Once among the world’s most powerful nations, Denmark still ranks as one of the largest geographic countries on earth; counting its protectorate, Greenland, plus the Faroe Islands and Bornholm. While once ruling much of present day Norway and Sweden, Denmark has made an even more lasting impression on world history with their flag, the Dannebrog.
The basic design can be traced back 700 years, and a coin suggests it dates from the late 1100’s and could actually be related to red flags used on the Baltic Sea in the ninth century. In a story known to Danish children, the Dannebrog fell from heaven on June 15, 1219 during a battle at Lyndanisse between Denmark’s King Valdemar II and Estonia. Bishops had of course prayed for victory, and as a sign of favor, God sent the first Dannebrog fluttering down to earth.
More likely is that it was a gift from the Pope, as it appears similar to the war flag of the Holy Roman emperors, while other areas of Europe have employed a similar design through history; Danzig, Barcelona, Pisa, Utrecht, and Savoy.

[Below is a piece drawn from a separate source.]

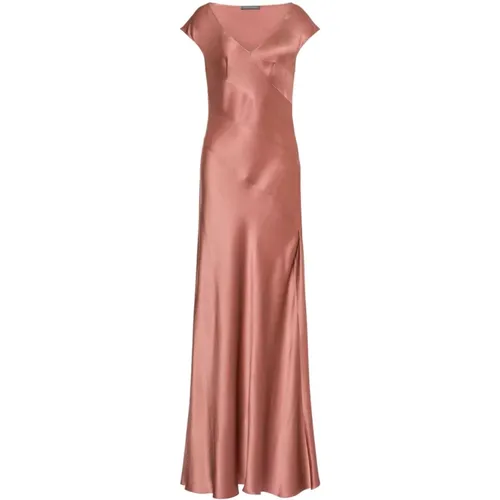 Rosa Satin Panel Kleid Flutter Ärmel - alberta ferretti - Modalova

In its current form, the Dannebrog is among the simplest in the world – a white cross offset on red. This design is also employed by Norway but with an inset blue cross overlaying the white. Sweden has a yellow cross on blue, and the Danish island of Bornholm keeps the Dannebrog red field with an overlaid green cross. Though technically Iceland and Finland are not considered part of Scandinavia, their flags are of the basic Dannebrog design. Iceland with its red cross over white on a blue field, Finland with the light blue cross on white. The Finnish province of Aaland bears a red cross inset over a yellow cross on a blue field. The Danish Faroe Islands flag bears a red cross inset on blue on a white field.
The Dannebrog is flown both in rectangular form as well as the “splitflag,” which is reserved for royal institutions and the navy. Of course any visit to beautiful Denmark will show that Danes are practically unrivaled in their pride over the Dannebrog. It is flown virtually anywhere there is room; at home, in the garden plot, strung across shopping malls, around sitting rooms, atop birthday cakes, and even as ornaments for Christmas trees. It is flown in commemoration of a glorious early May day in 1945 when the occupying Germany army was forced out. Every July 4th, many Danes also observe the American Independence day with the Dannebrog flying next to the stars and stripes to celebrate the strong ties between the United States and Denmark.
References: “Flags Through the Ages and Across the World,” by Dr. Whitney Smith; and Tojhusmuset, Copenhagen.